Inhaltsverzeichnis |
Die Gemeinde nördlich von Hachenburg an der Großen Nister. Im Osten des Ortes liegt Norken, im Nordwesten bzw. Nordosten Atzelgift und Nauroth und im Westen Müschenbach und das Kloster Marienstatt. Im Norden und Nordwesten liegt das Nauberggelände.
Der Jahresniederschlag beträgt 973 mm. Die Niederschläge sind hoch. Sie liegen im oberen Viertel der in Deutschland erfassten Werte. An 83 % der Messstationen des Deutschen Wetterdienstes werden niedrigere Werte registriert. Der trockenste Monat ist der Februar, die meisten Niederschläge fallen im Dezember. Im Dezember fallen 1,5 mal mehr Niederschläge als im Februar. Die Niederschläge variieren kaum und sind gleichmäßig übers Jahr verteilt. An nur 22 % der Messstationen werden niedrigere jahreszeitliche Schwankungen registriert.
Der Ort wird erstmals 1270 urkundlich erwähnt, als Erzbischof Anno II. von Köln einen Betrag der Abtei Siegburg in Nistera bestätigt. Der Ausgangspunkt des Dorfes ist das „Felsenstübchen“ oberhalb der Abtei Marienstatt, wo im Mittelalter die „Burg Nister“ (Nistria, Nistera) stand.
Am Ortsausgang des Dorfes an der Hammer-Straße liegt das Industriewerk Nisterhammer. Im Jahr 1570 erhielten die Grafen von Sayn das Privileg zur Errichtung eines Hammerwerkes in Nister, lange Zeit verpachtet und 1707 wieder in herrschaftlichem Besitz. 1769 wird der Burggraf Georg Friedrich Freudenberg Besitzer; 1802 tritt die Britisch-Nassauische Eisenwerksgesellschaft in Hachenburg als Eigentümerin auf und modernisiert den Betrieb. 1892 besteht darin die Bürstenfabrik Bocks & Co.; nach 1942 ist das Industriewerk Nisterhammer wieder ein Eisenbetrieb, ab 1956 als Nisterhammer Maschinenbau GmbH. Der Nisterhammer war einstmals der erste Großbetrieb im Oberwesterwald.[2]
In Richtung Norken in den Gemarkungen Nister und Nauroth befindet sich eine ca. 2½ km lange geradlinige Waldschneise auf dem Sattel des Nauberggeländes, sie trägt den Namen „alter Höhweg“; dieser war früher eine Teilstrecke der Handelsstraße Köln-Leipzig, die im Gebiet der Gemarkung Nister von der Furt durch die Große Nister bei der Abtei Marienstatt kommend längs dem Nauberggelände in Richtung Kirburg verlief.
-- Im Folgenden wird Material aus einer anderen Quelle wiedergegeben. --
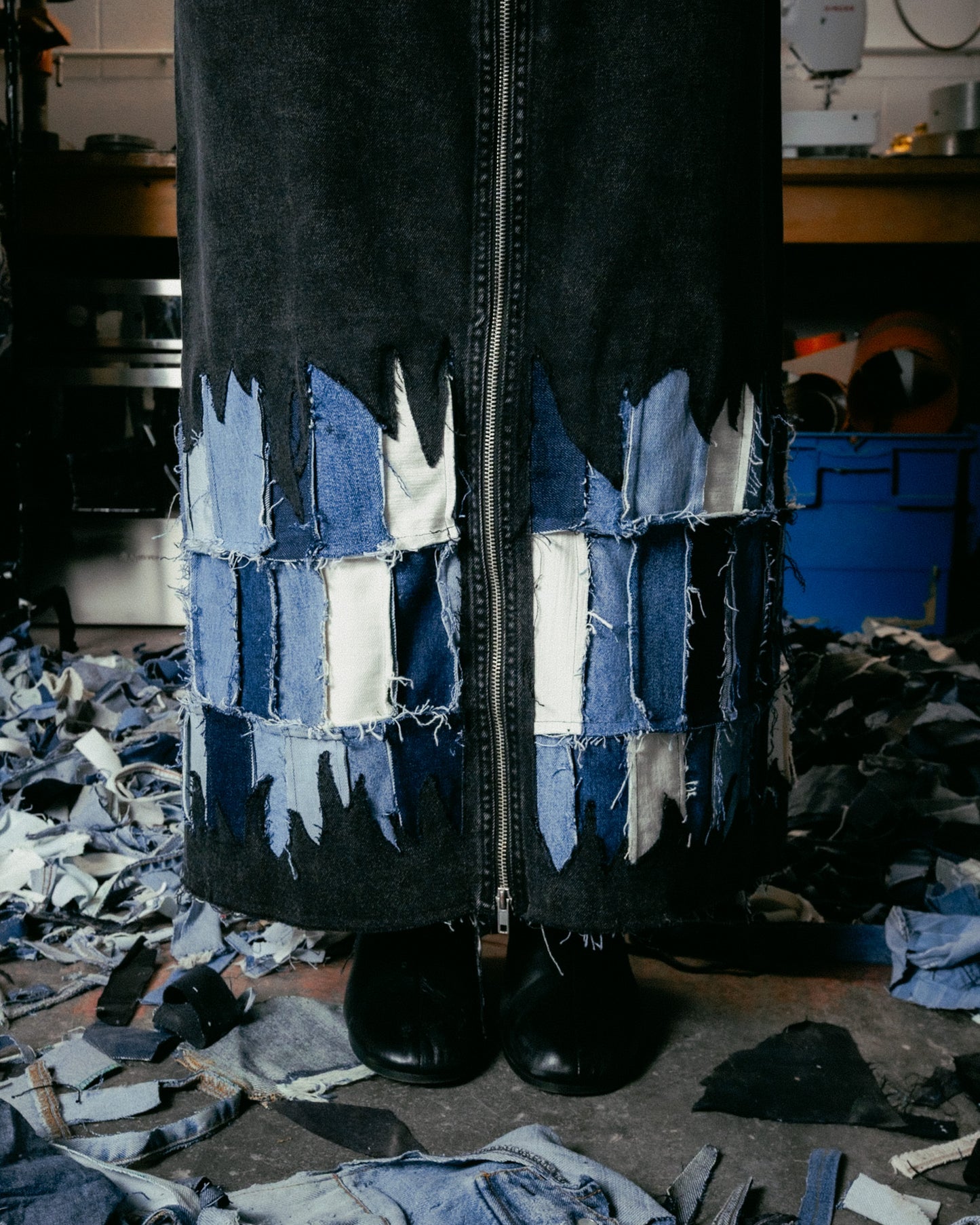 05BB+ TORRE DO TOMBO - GONNA LUNGA DENIM
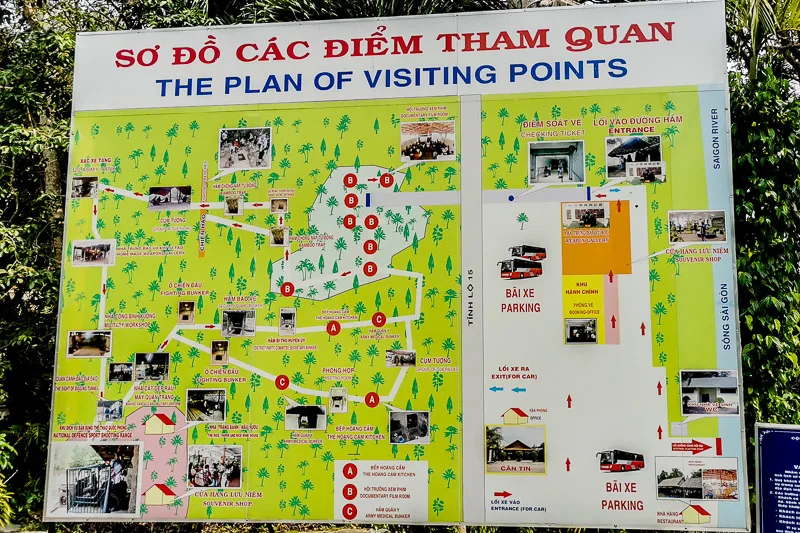 Cu Chi Tunnels - Ben Dinh Map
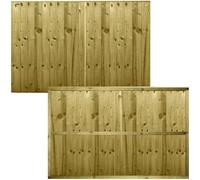 Flat Top Feather Edge Fence Panel, 6ft x 4ft Fully Framed Wooden Topper Extension | Heavy Duty Treated Closeboard Fencing, Ideal for Any Garden Perimeter (Wide: 182cm x High: 120cm)
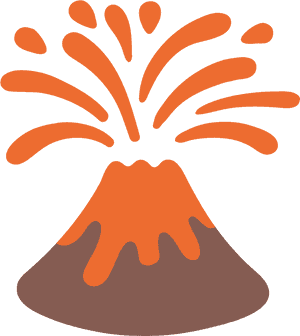 Volcano Emoji, HD Png Download PNG image with transparent background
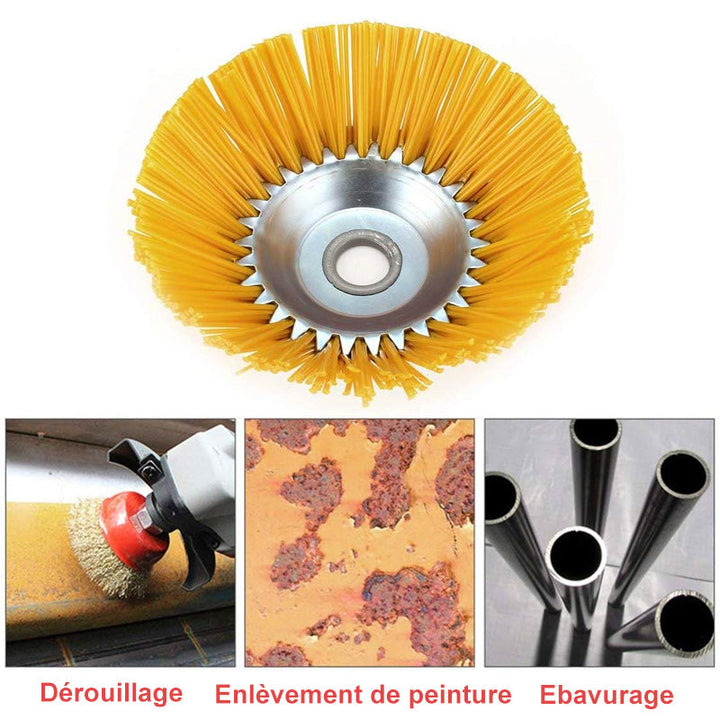 Nylon weed brush for lawn mower | Bowlift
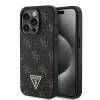 Husa Guess PU Leather 4G Triangle Metal Logo pentru iPhone 15 Pro Black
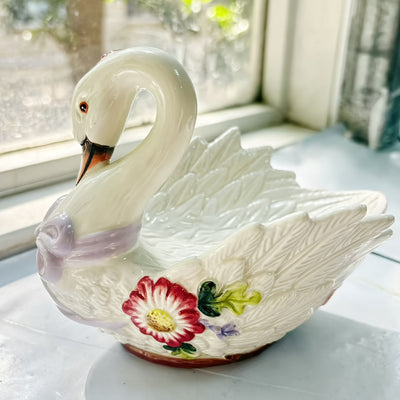 Jabonera en forma de cisne, 1 pieza, colores vivos, realista y muy exquisita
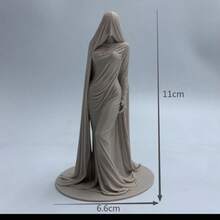 1pc Mysterious Veiled Lady Figurine Sculpture, Desktop Decor For Cabinet And Home - Multicolor - View 3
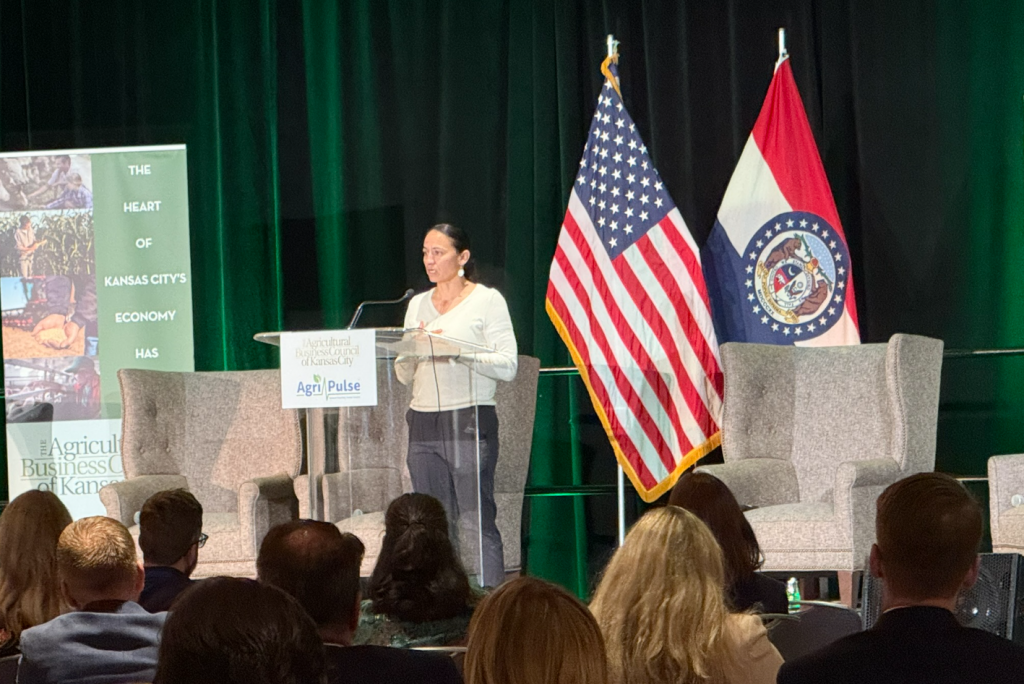 Representative Sharice Davids at Ag Outlook Forum 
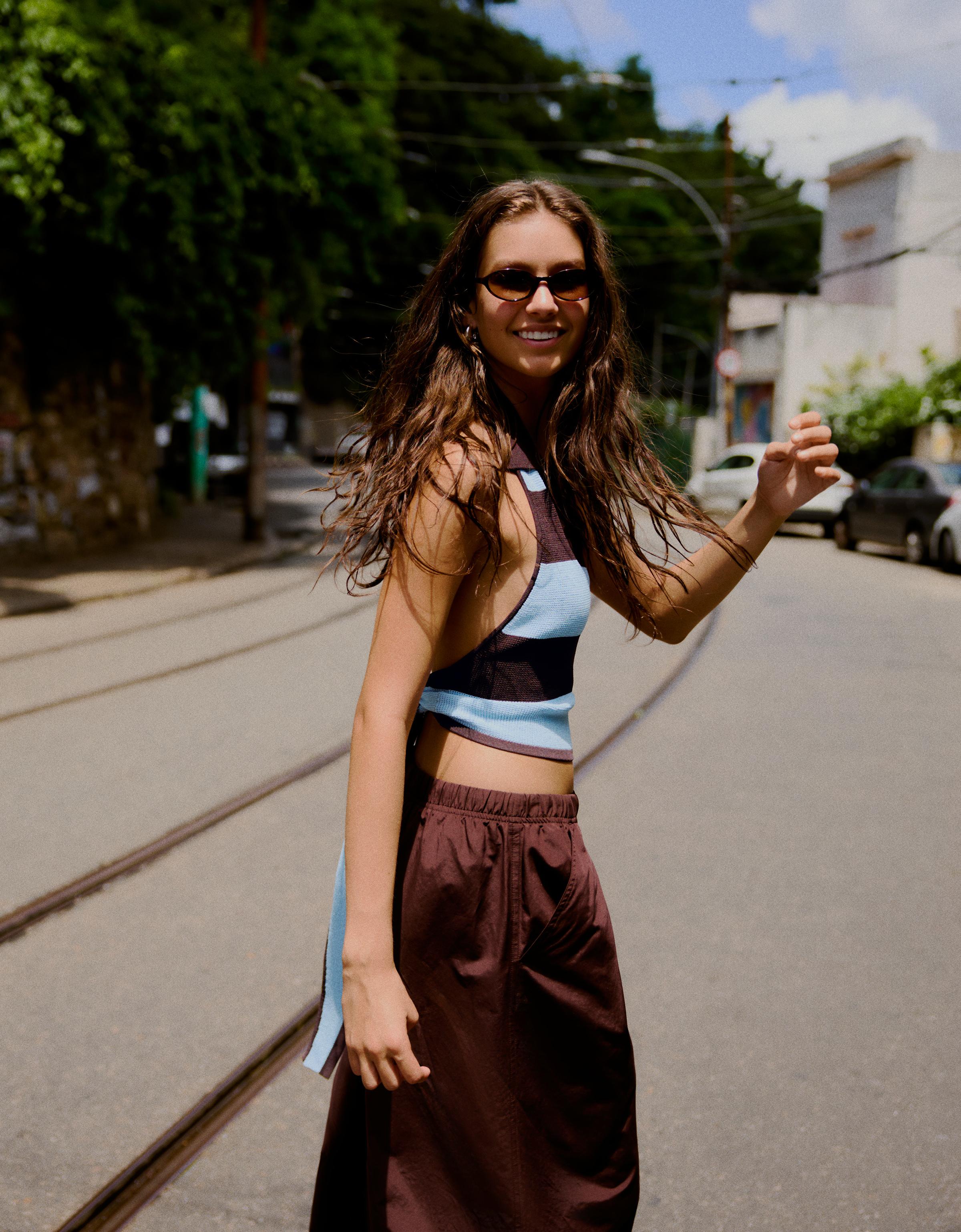 Arkası düğümlü polo yaka top - Görsel 28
Diese Fahrstraße ist noch älteren Datums als die von Altenkirchen über Altstadt, Hachenburg und die Furt durch die Große Nister an der ehemaligen Schneidmühle nach führende Köln-Leipziger-Straße. An der Schneise stehen an der früheren Landesgrenze zwischen den Grafschaften Sayn-Altenkirchen und Sayn-Hachenburg bzw. an der heutigen Kreisgrenze zwischen dem Westerwaldkreis und dem Kreis Altenkirchen, mehrere Grenzsteine mit dem Zeichen SH/SA, die nach 1671 gesetzt wurden, als die beiden Herrschaftsbezirke endgültig getrennt wurden.[2]
An der Südseite der Naubergskuppe Weiße Ley befand sich ab 1900 ein Abbauareal der Firma Grothe & Groehl, die unter der Basaltkuppe der Weißen Ley aus zwei Stollen Quarzitsteine gewann. Diese Steine wurden auf einem „Bremsberg“ talwärts transportiert. Die Bergstation befand sich unmittelbar vor dem Stollen, unten neben dem früheren Wasserbehälter war die Talstation; von dort wurden die Steine mit Pferdefuhrwerken zum Bahnhof Korb abtransportiert. Der alte Bremsberg wurde später durch einen neueren und längeren ersetzt, der etwa 100 m östlich davon errichtet wurde. 1920 wurde der neue Bremsberg entfernt; die untere Strecke ist inzwischen mit Wohnhäusern überbaut; auf dem Verladeplatz wurde der Sportplatz der Ortsgemeinde errichtet.[2]
Die Entwicklung der Einwohnerzahl, die Werte von 1871 bis 1987 beruhen auf Volkszählungen:[3]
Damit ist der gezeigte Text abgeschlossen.